Folha de São Paulo
Com Agências de Notícias
O presidente da Venezuela, Hugo Chávez, indicou neste domingo que se a oposição ganhar as eleições do dia 7 de outubro talvez não ocorra uma guerra civil, mas o país entraria em crise política, econômica e social.
Chávez, que busca a terceira reeleição consecutiva, se referiu a uma declaração do ex-governador de Anzoátegui, David de Lima, afastado do chavismo e atualmente um político independente. Lima afirmou recentemente que a aplicação do plano de governo da oposição abriria a porta para uma guerra civil na Venezuela.
"Ele estava dizendo na televisão que se esse plano for aplicado aqui, haveria uma guerra civil, o país seria desestabilizado imediatamente. Ele tem razão, talvez não ocorra uma guerra civil, mas entraríamos em outra crise política, econômica e social", afirmou.
"E a Venezuela afundaria outra vez e eu acredito que [dessa vez] seria pior. Ocorreriam coisas piores dos que as que ocorreram nos anos 80 e 90, décadas catastróficas para o povo venezuelano", disse Chávez por telefone à televisão estatal.

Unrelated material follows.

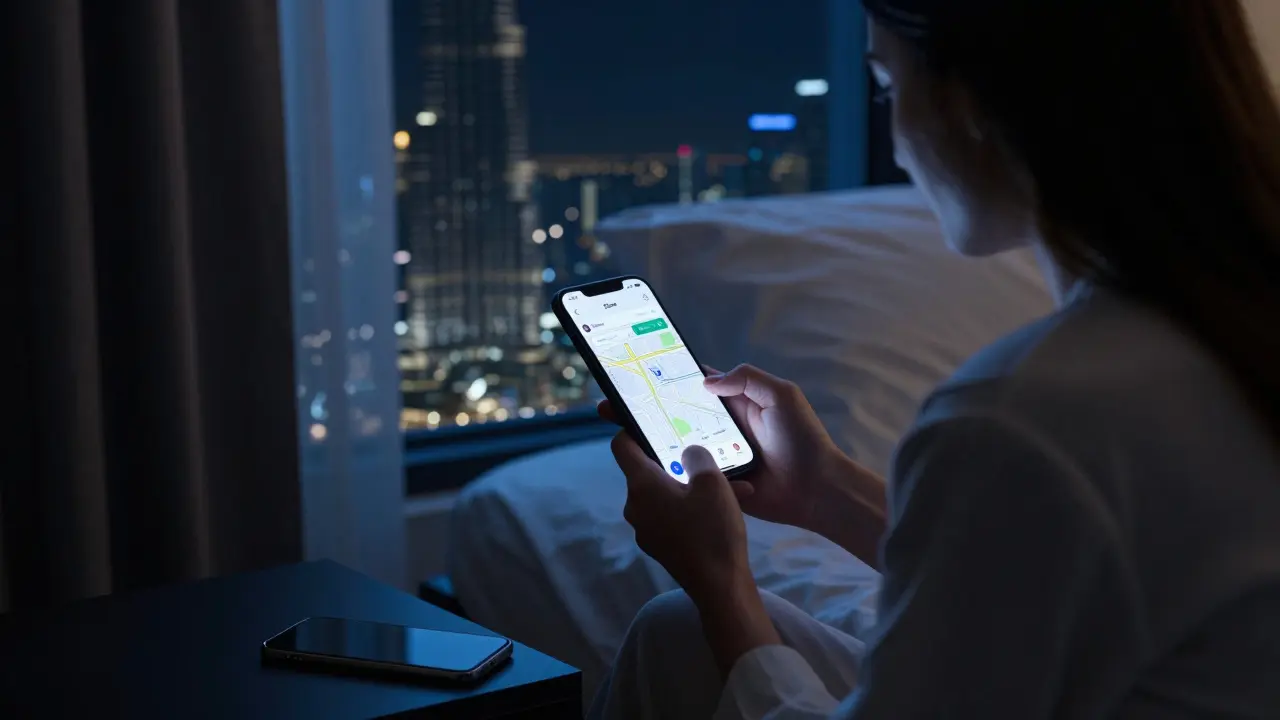 How Technology Affects the Safety of Sex Workers in Dubai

O presidente comparou o programa de governo de seu rival, Henrique Capriles, com o do candidato republicano dos Estados Unidos, Mitt Romney.

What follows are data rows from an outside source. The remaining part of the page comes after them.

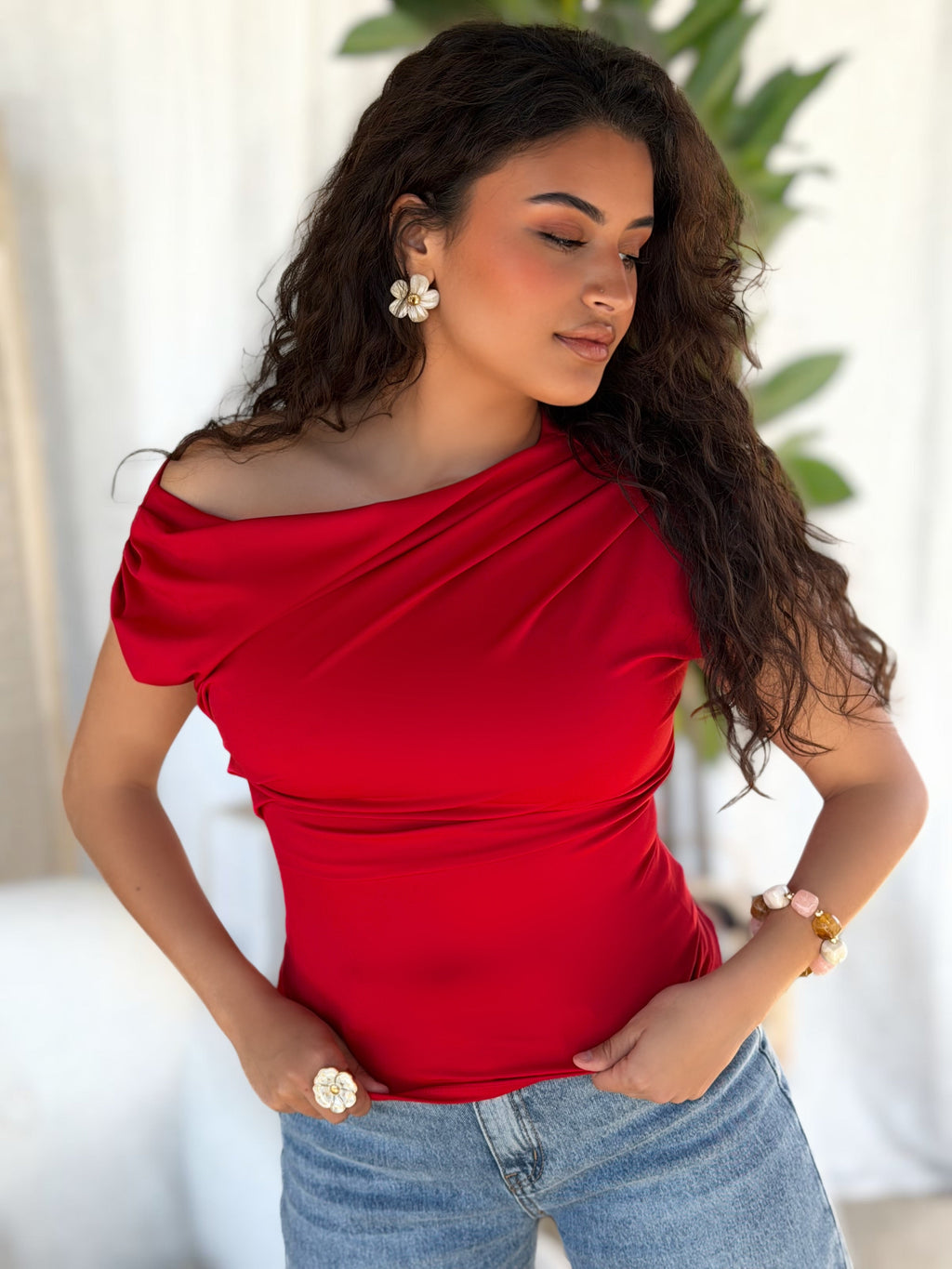 Blusa roja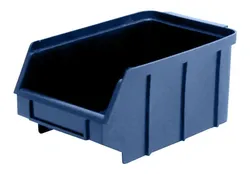 Comprar Kit 12 Caixas Bin Organizadora Plástica Nº 4 Resistente no Mercado Livre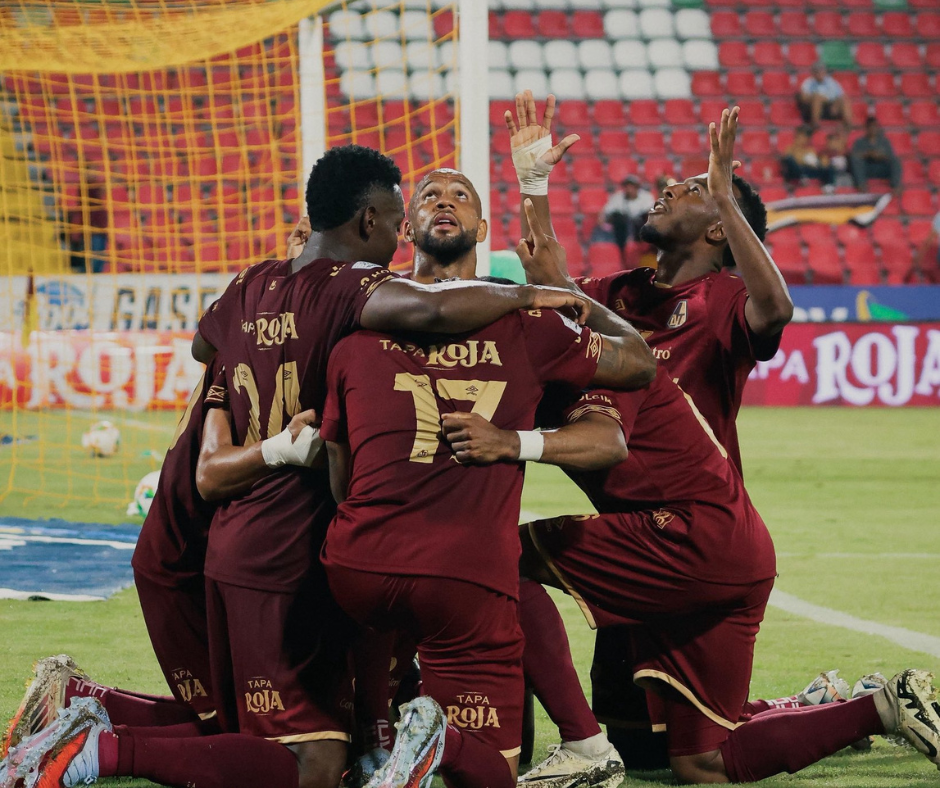 Deportes Tolima venció a Alianza y amanece como líder solitario de la Liga Betplay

No próximo dia 7, os venezuelanos vão eleger o novo presidente para governar entre 2013 e 2019. São sete candidatos, entre eles, Chávez, 58 anos, que está no poder desde 1999 e Capriles, ex-governador e advogado de 40 anos.
***** COMENTANDO A NOTICIA:
No domingo, Agosto 26, publicamos um texto (íntegra aqui) informando que o candidato da oposição na Venezuela, Henrique Capriles, superara a Hugo Chavez nas pesquisas de intenção de voto. Acrescentamos ao texto um comentário afirmando que o Brasil deveria acompanhar com muita atenção as eleições venezuelanas, e para tanto apontamos alguns aspectos que entendíamos importantes. E, nem bem passou-se uma semana, e eis que Chavez., conforme informado acima, já traça o caminho que adotará caso venha perder a eleição.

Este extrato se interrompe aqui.